# PROBLEM TO SOLVE:
Copy nothing from the entries below except the lines from the one containing "Monserrato Apartment" through the one containing "Volkswagen Passat New Energy 2023 — фото 23", and copy those exactly.

# PROVIDED ENTRIES:

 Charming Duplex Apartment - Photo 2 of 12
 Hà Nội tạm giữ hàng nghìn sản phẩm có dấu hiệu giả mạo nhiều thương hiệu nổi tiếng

---

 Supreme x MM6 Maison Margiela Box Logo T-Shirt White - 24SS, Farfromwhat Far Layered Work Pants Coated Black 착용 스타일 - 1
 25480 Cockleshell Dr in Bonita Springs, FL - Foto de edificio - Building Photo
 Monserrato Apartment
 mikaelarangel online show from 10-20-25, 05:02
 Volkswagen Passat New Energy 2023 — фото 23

# EXERCISE SOLUTION:
 Monserrato Apartment
 mikaelarangel online show from 10-20-25, 05:02
 Volkswagen Passat New Energy 2023 — фото 23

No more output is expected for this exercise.